Photo Credit: @ladyist Instagram
Photography, as an art form, has historically been used against women. Male photographers have typically presented their female subjects as sexualised, passive, and weak; a subject to be looked at from the heterosexual, male gaze. The feminist photographers of the 1970s contested how women should be perceived in images, establishing themes of provocation, self-objectification, and non-traditional representation. Women photographers today can represent the complexities of womanhood through an honest viewpoint, without relying on the voyeuristic tendencies of masculine photography. Their contemporary images allow the viewer to adopt an alternative view of reality: the creator’s point of view, who carefully curates the image into something which promotes the truth of people today.
Sandy Kim shares intimate portrayals of the people who surround her, whilst working in her home of California. Her photographs are of unfiltered events, even in her more editorial shoots, her subjects remain natural compared to the exaggeration often found in fashion photography. Her array of NSFW images do not shy away from honesty. Her subjects’ nudity is not forced or uncomfortable, but simply an aspect of their personality and freedom.
Ashley Armitage breaks down societal standards to include all bodies in beauty and intimacy. Her photographs often have feminine qualities of gentleness and sweetness, embodied across all genders and body types she depicts. Creating images of women, without adopting a voyeuristic lens, Armitage instead uses a welcoming intimacy to present her subjects.

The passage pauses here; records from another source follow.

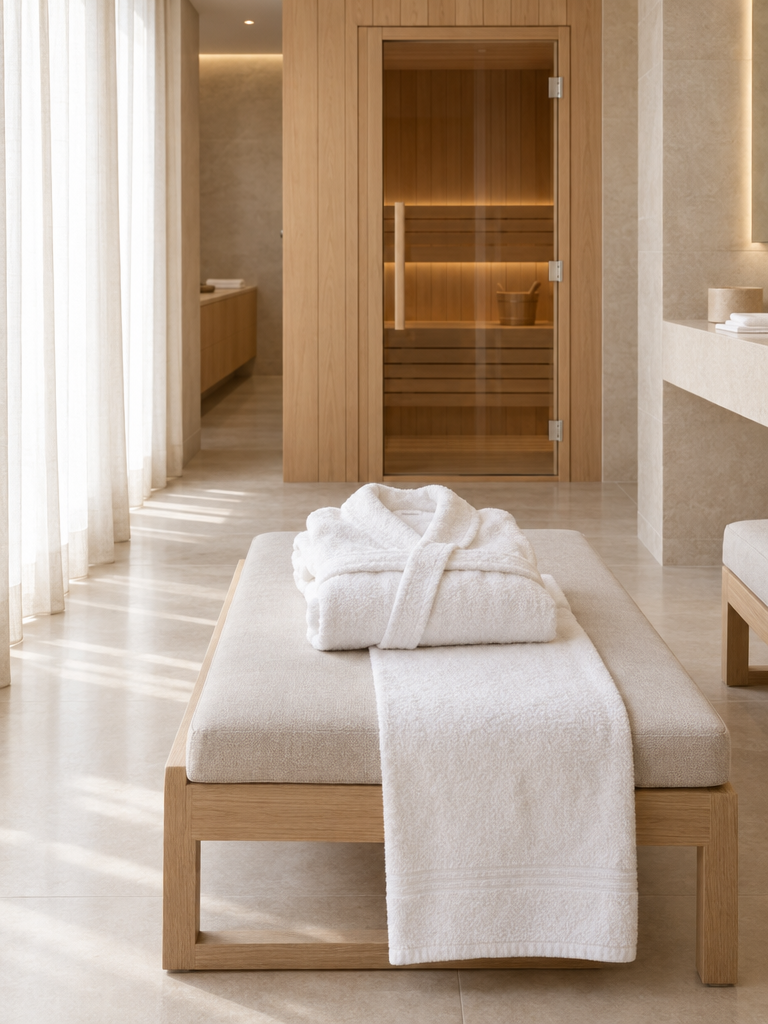 Sauna Bademantel Herren weiß auf einer Holzbank im hellen Wellnessbereich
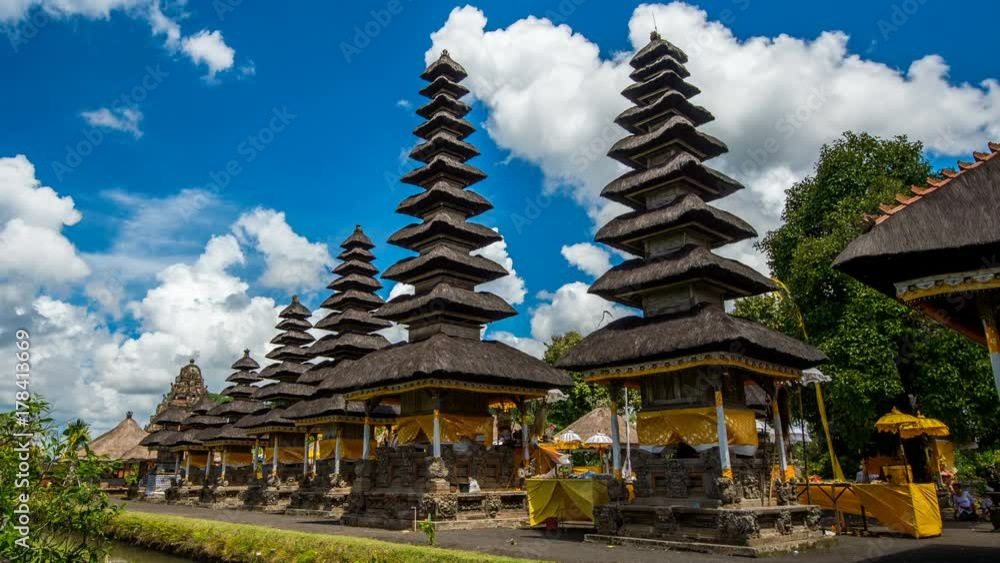 4K Timelapse of Pura Taman Ayun Temple in Bali, indonesia.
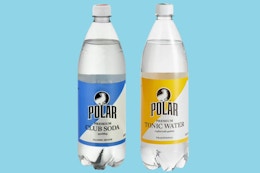dollar general polar club soda and tonic water on blue background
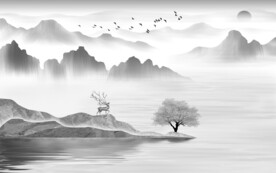 别墅 意境灰色山水 TIf分层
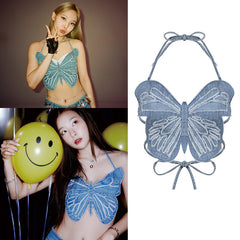 TWICE NAYEON RED VELVET SEULGI BLUE BUTTERFLY TOP SHIRT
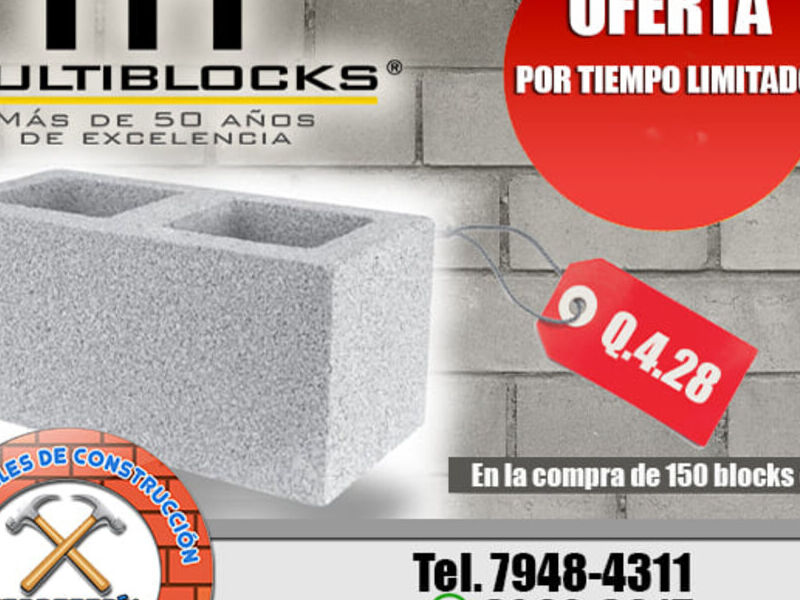 Bloque-Hormigón MultiBlocks Ciudad-Guatemala : Ferreteria Ferrosi |  Construex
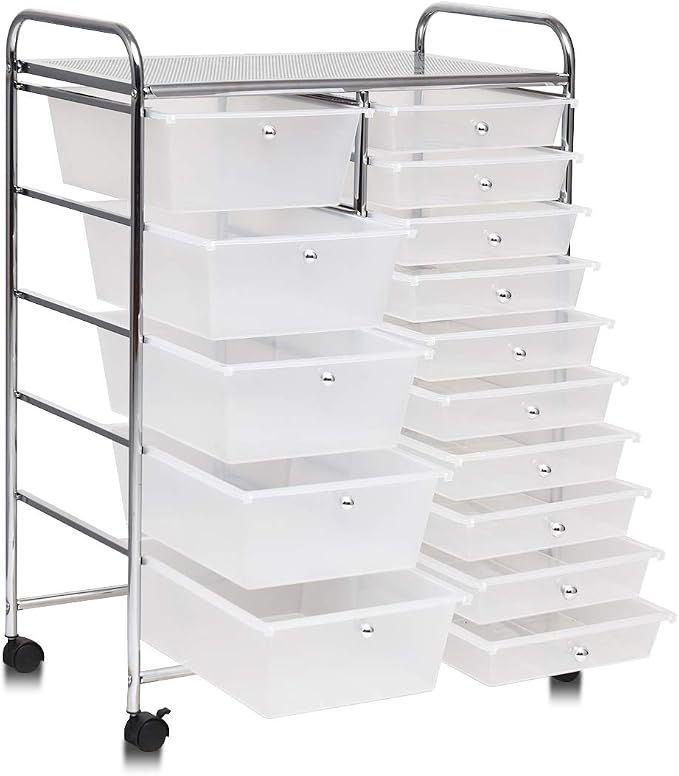 Giantex 15 Drawer Rolling Storage Cart Tools Scrapbook Paper Office School Organizer, Clear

Ayesha Kazim is creating fresh portraits which embody the individuality of each of her subjects. Working between New York and Cape Town, Kazim’s portraits often blend nature and people to produce gorgeous sunlit subjects. Her subject is the star of her portraits, with their personality shining through Kazim’s photographs to freeze joyous moments in time.
Amber Asaly’s photography brings together the nostalgia of Y2K editorials with the Tiktok stars of today. Recently shooting Addison Rae and Charli D’Amelio, Asaly is recreating the beloved style of the 90s and early 2000s photography which plastered our favourite fashion magazines. Her shots embody a nostalgia of 2000s pop stars, and when paired with chic 90s styling, creates romantic images.
From cultural references to provoking intimacy, and showing pure honesty, these photographers embody the nuances of femininity. Women artists are rethinking what they choose to present to the public; using their power to establish the women’s point of view in a previously masculinised lens.